> Assignment
A faithful, word-for-word copy of the data below is required, without pictures.

> The data
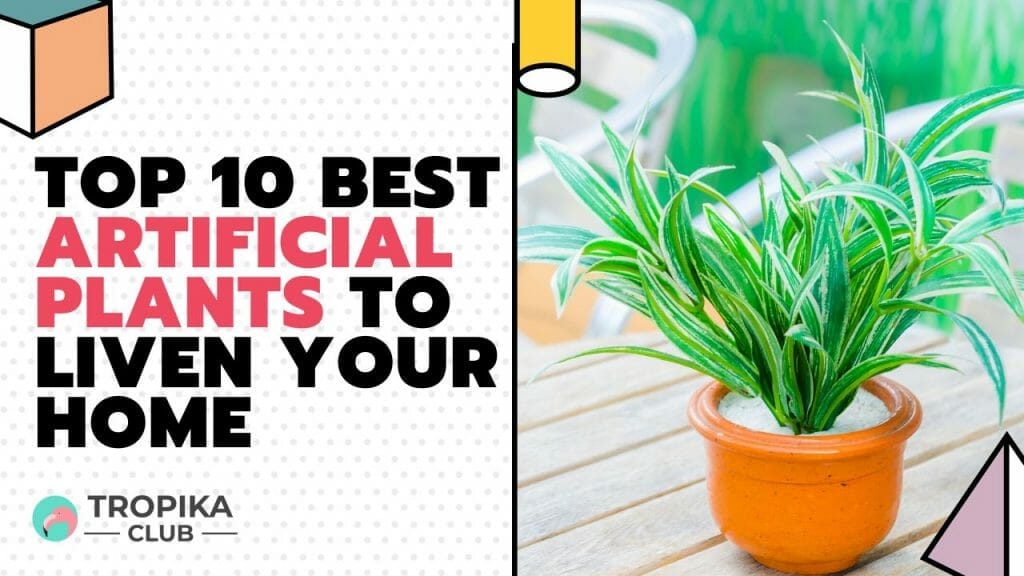 Best Artificial Plants to Liven Your Home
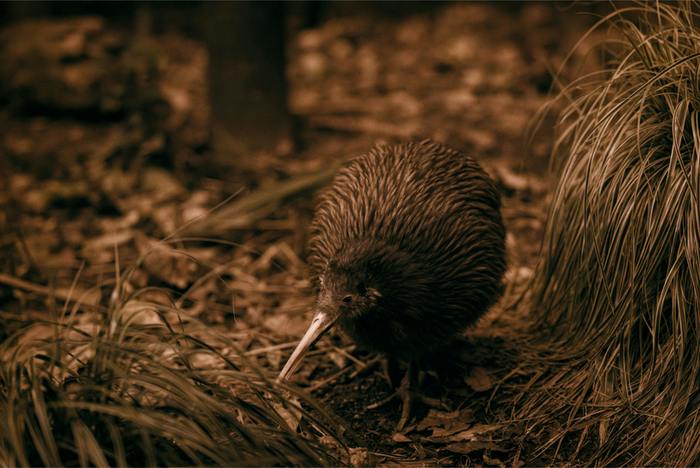 A kiwi bird foraging on the forest floor among grass and leaves in dim lighting.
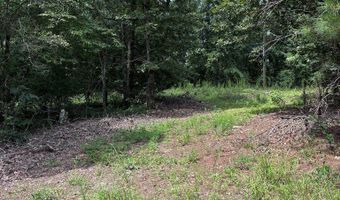 North Palestine Road, Baldwyn, MS 38824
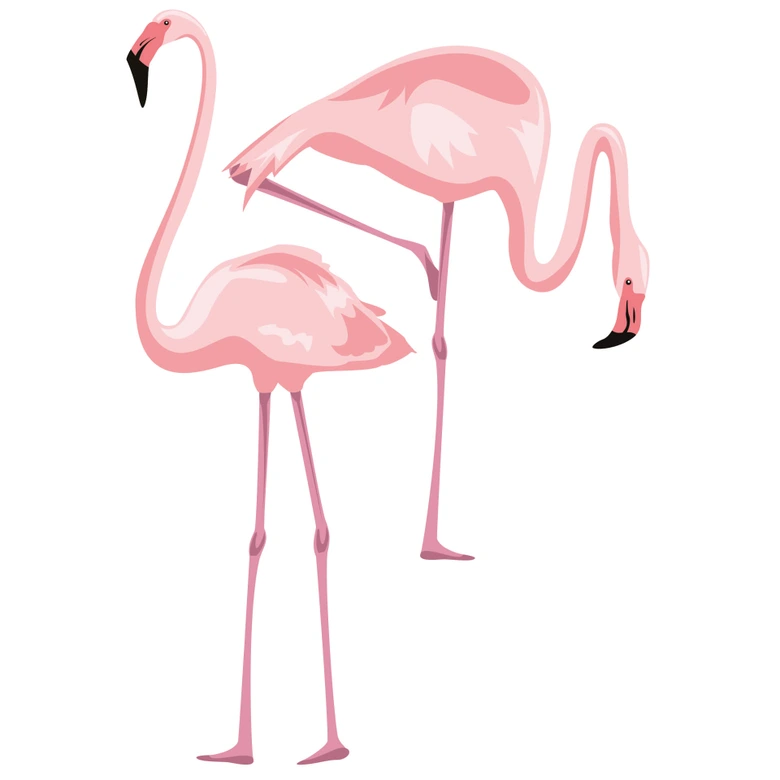 Sticker mural - Couple de flamants roses 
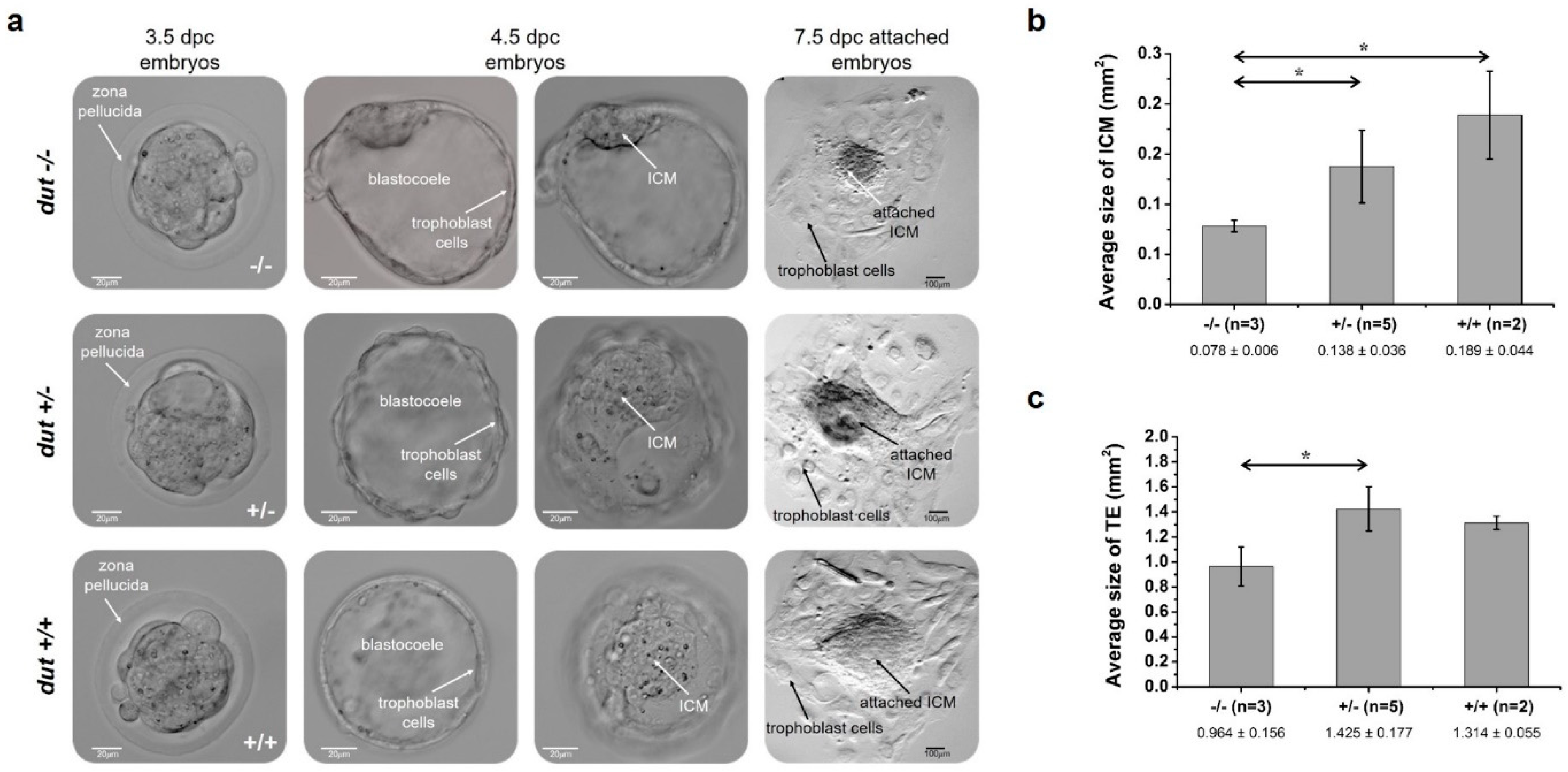 Biomolecules 09 00136 g003 Biomolecules 09 00136 g003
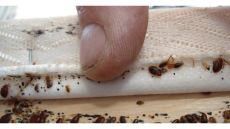 عودة البق إلى مدرسة أردنية بعد قرار التعطيل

> Written answer
 Best Artificial Plants to Liven Your Home
 A kiwi bird foraging on the forest floor among grass and leaves in dim lighting.
 North Palestine Road, Baldwyn, MS 38824
 Sticker mural - Couple de flamants roses 
 Biomolecules 09 00136 g003 Biomolecules 09 00136 g003
 عودة البق إلى مدرسة أردنية بعد قرار التعطيل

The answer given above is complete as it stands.